Youth Admit to Bullying but Lack Trust in Teachers and School Psychologists



In a study conducted by the Institute for Human Rights in Skopje last year, titled "Peer Violence (Bullying), Discrimination, and Hate Speech Among High School Students", nearly two-thirds of high school students reported the existence of bullying in their schools, with around one-third being victims of some form of peer violence. 59% reported that most bullying experiences consisted of insults and ridicule, with 21% confirming physical mistreatment. While sexual harassment was a shared experience among a small number of students, all those who reported being victims were girls. Most respondents believed that only a small portion of bullying incidents were reported, with the majority occurring in elementary school. Students agreed that the victim's inability to protect themselves is a significant reason for bullying.

Teachers were aware of the phenomenon and could recognize when it occurred in schools. However, many respondents indicated that the teaching staff did not react. Moreover, professional services in schools, such as psychologists, were not sufficiently involved in addressing the problem, as they were perceived by students as disciplinary measures rather than services for psychological and advisory support, as outlined in the Institute for Human Rights research.

In a 2022 study by the civic association "Youth Can", titled "High School Students and Access to Mental Health Services", it was highlighted that there is a lack of prevention programs in schools, especially in smaller towns in Macedonia where options for visiting a psychologist are almost non-existent. According to the study, a significant portion of the students reported never having an individual meeting with the school psychologist throughout their entire high school education. For example, when asked, "If you need professional help, where would you turn first?" only 7% of respondents mentioned the school psychologist. When asked, "Have you ever sought help from the school psychologist?" 88% responded negatively. Similar findings emerged from other surveys, with 78% of respondents stating that high school students were never directed to a conversation with a psychologist or pedagogue because they showed signs of violence or were potential victims, as outlined in the "Youth Can" study.

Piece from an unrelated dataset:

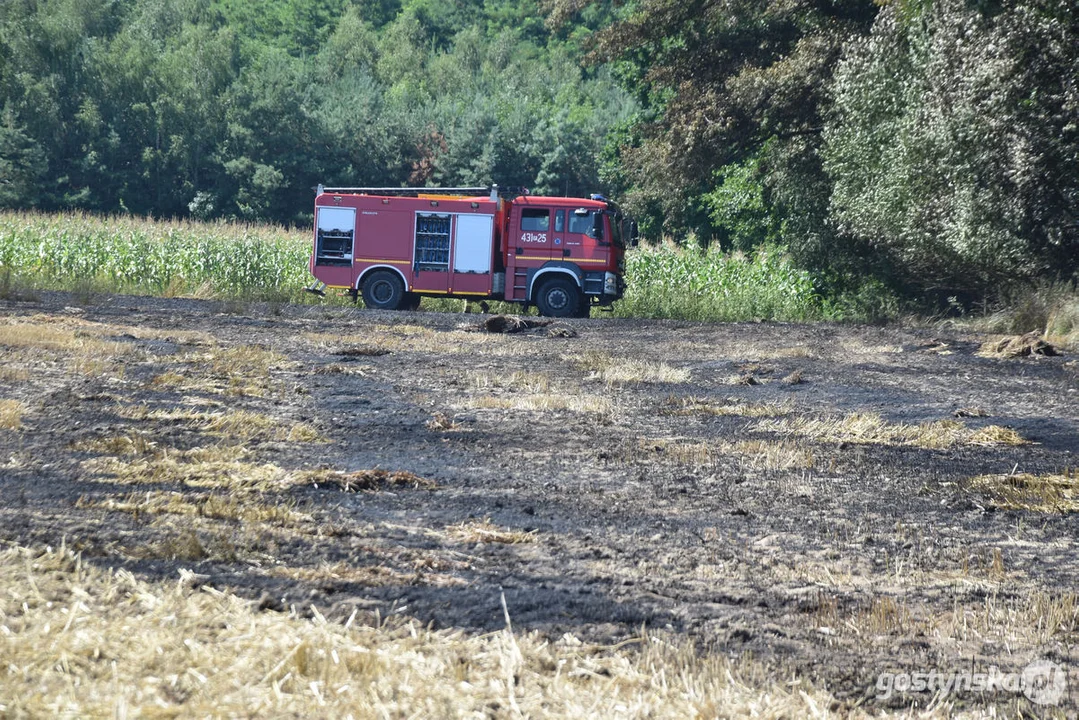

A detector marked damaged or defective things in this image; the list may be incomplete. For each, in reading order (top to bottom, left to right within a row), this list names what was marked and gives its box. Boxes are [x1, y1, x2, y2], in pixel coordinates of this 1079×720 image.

Bullying Strongly Impacts the Mental Health of Youth




Psychologists warn that the consequences of bullying include low self-esteem, anxiety, depressive episodes, and social isolation among young people.

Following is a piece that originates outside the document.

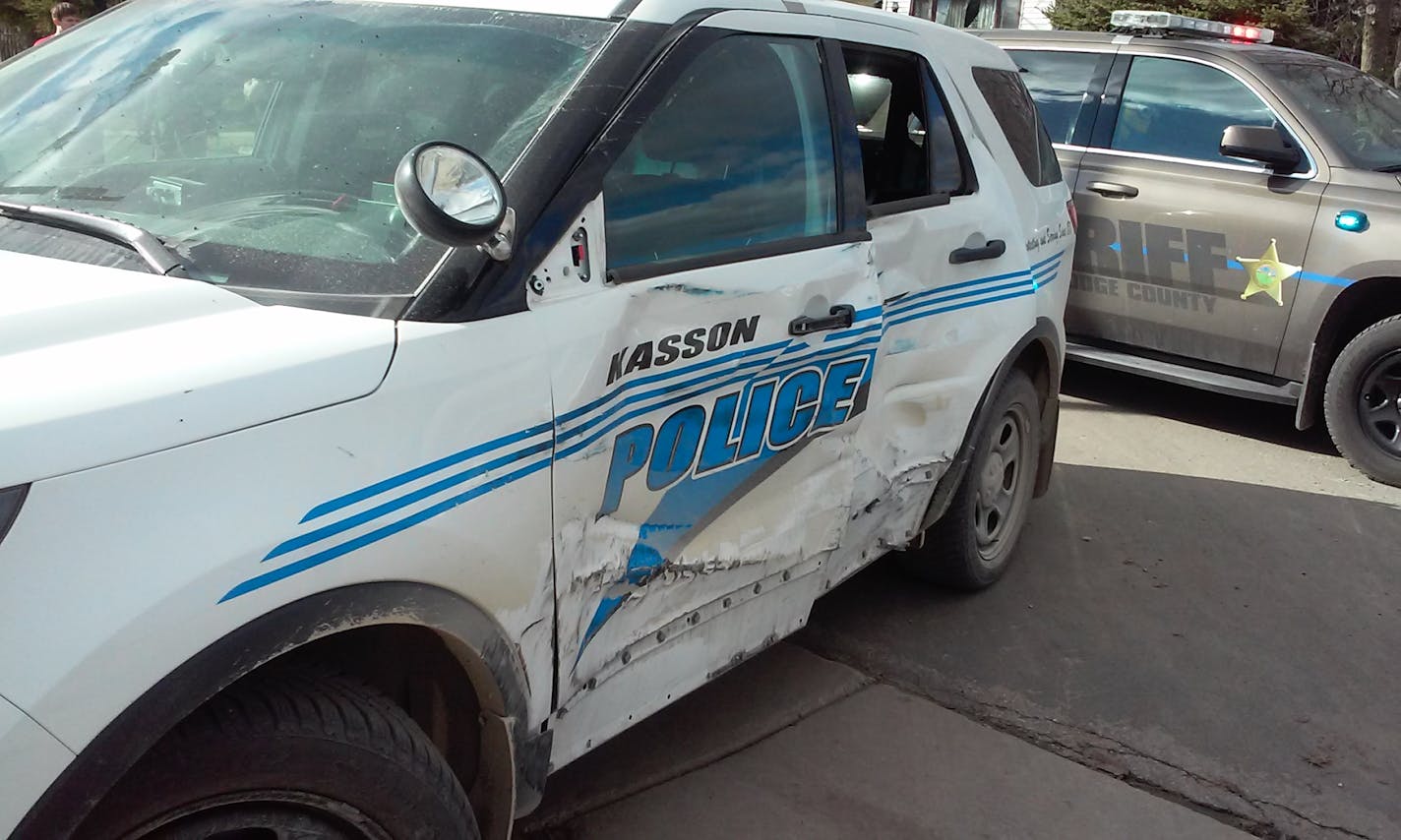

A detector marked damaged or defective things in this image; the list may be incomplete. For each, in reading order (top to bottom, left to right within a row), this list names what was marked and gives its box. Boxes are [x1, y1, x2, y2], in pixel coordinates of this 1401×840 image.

damaged police suv [0, 3, 1070, 838]
damaged police suv [984, 11, 1401, 486]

"Among the main contributing factors are the authoritarian parenting style, aggressive behavior of parents, as well as inadequate attention or complete emotional rejection of the child", says psychologist Bojan Gjorgioski. He emphasizes that the rejection and the low self-esteem acquired at home are further intensified if the victims also experience low academic achievement, leading aggressors to target high-achieving students.

"Bullying seriously affects the mental health of victims, and it is crucial to recognize it promptly to prevent further harm. The consequences experienced by children and adolescents who have been victims of violence are long-lasting. If left untreated, they persist into adulthood", Gjorgioski states.

According to him, people can identify that a young person is a victim of bullying if they notice changes in mood, especially in emotional reactions, or if they observe visible physical injuries such as wounds or scratches.

"The first step to take when learning that someone is a victim of peer violence is to offer support and create a safe environment where (s)he can share the experiences without judgment or ridicule. Whether we are casual passersby, parents, their friends, or professionals, we need to show care and acceptance of their emotions, so the individual feels supported and has someone to lean on", advises psychologist Gjorgioski.